━━━ MATERIAL FOR THIS EXERCISE

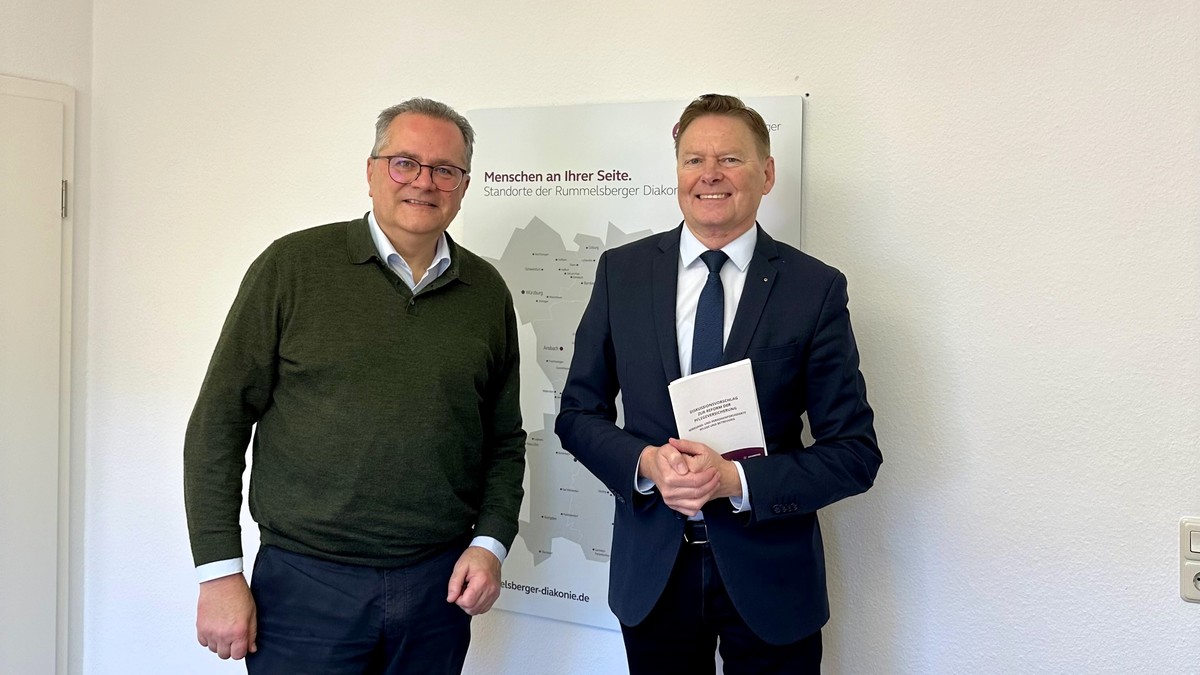 Wie kann die Pflegeversicherung reformiert werden? MdL Norbert Dnkel (r.) traf sich zum Gedankenaustausch mit Karl Schulz (l.), Vorstandsmitglied der Rummelsberger Diakonie. Foto: Bro Dnkel      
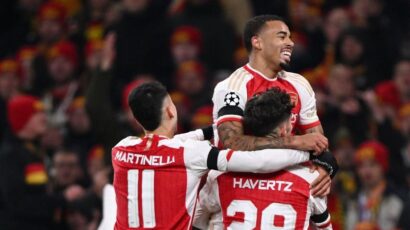 ARSENAL SE PASO DE ABUSIVO CON EL LENS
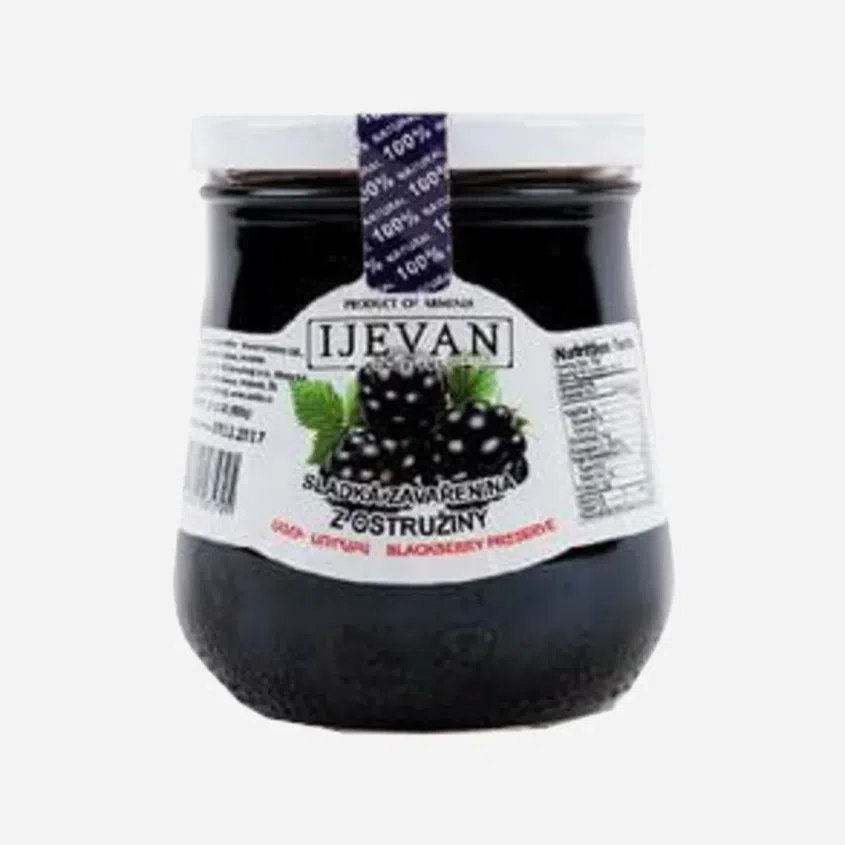 Sladká zaváranina z černice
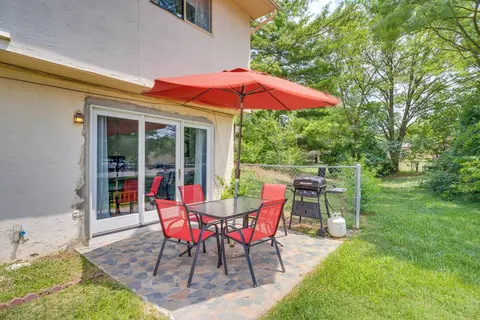 Reynoldsburg Home w/ Patio ~ 11 Mi to Columbus!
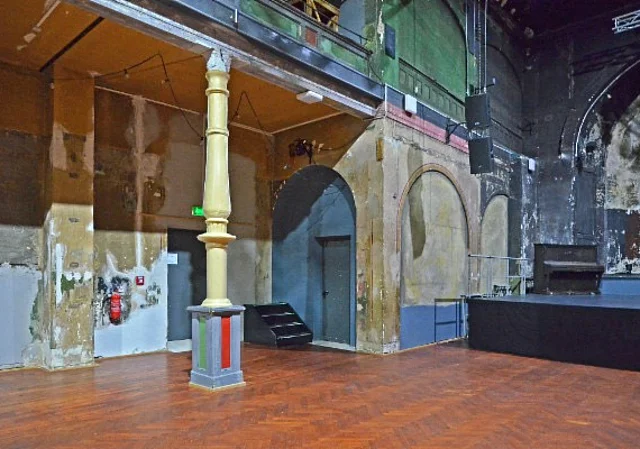 Schaubühne Lindenfels, Ballsaal, Tür zum Westflügel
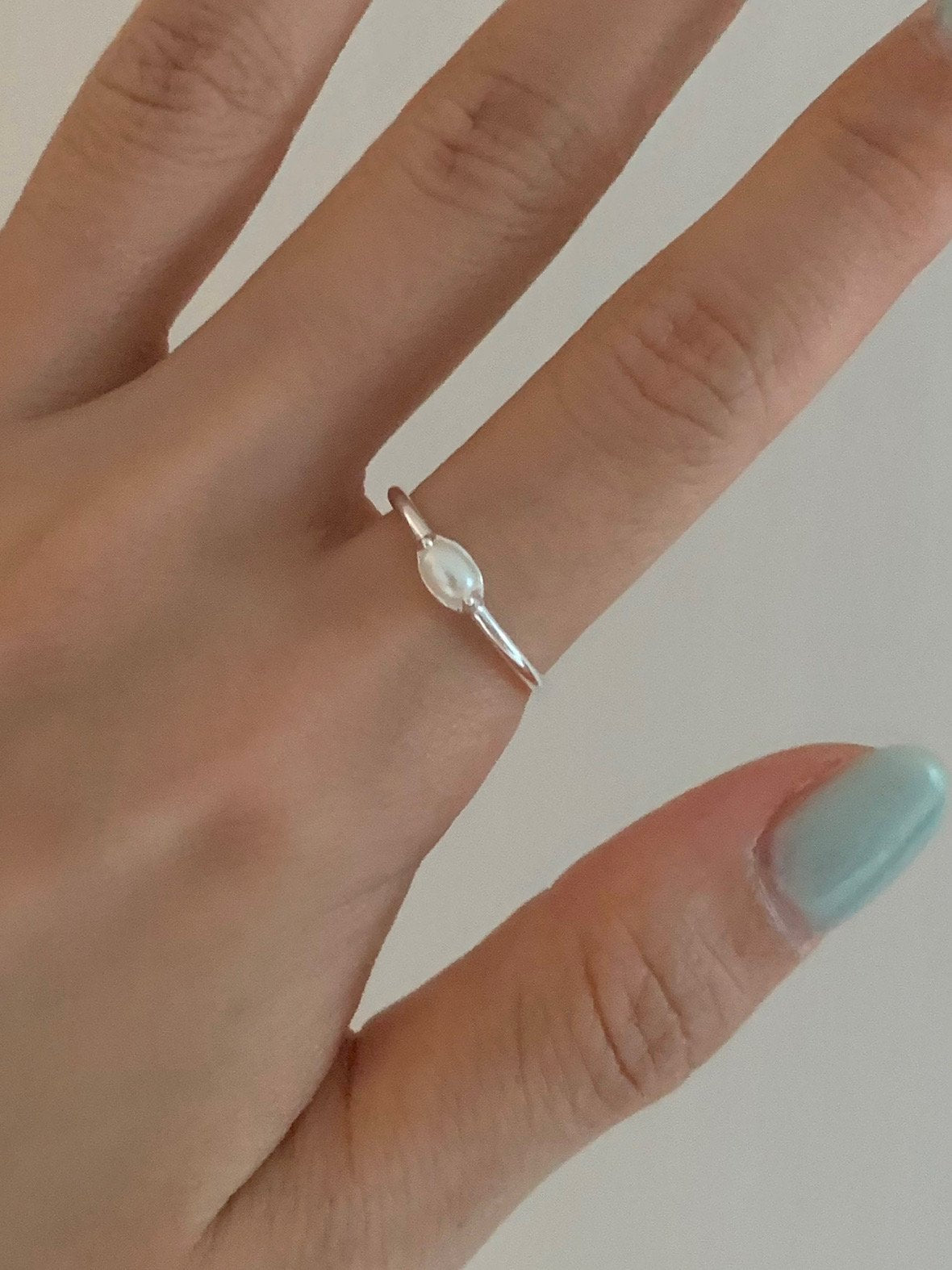 Simple pearl open ring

━━━━━━

Take the line containing "Reynoldsburg Home w/" and every line after it up to the end of the entries, and quote them exactly. Both ends count; the pictures do not.

 Reynoldsburg Home w/ Patio ~ 11 Mi to Columbus!
 Schaubühne Lindenfels, Ballsaal, Tür zum Westflügel
 Simple pearl open ring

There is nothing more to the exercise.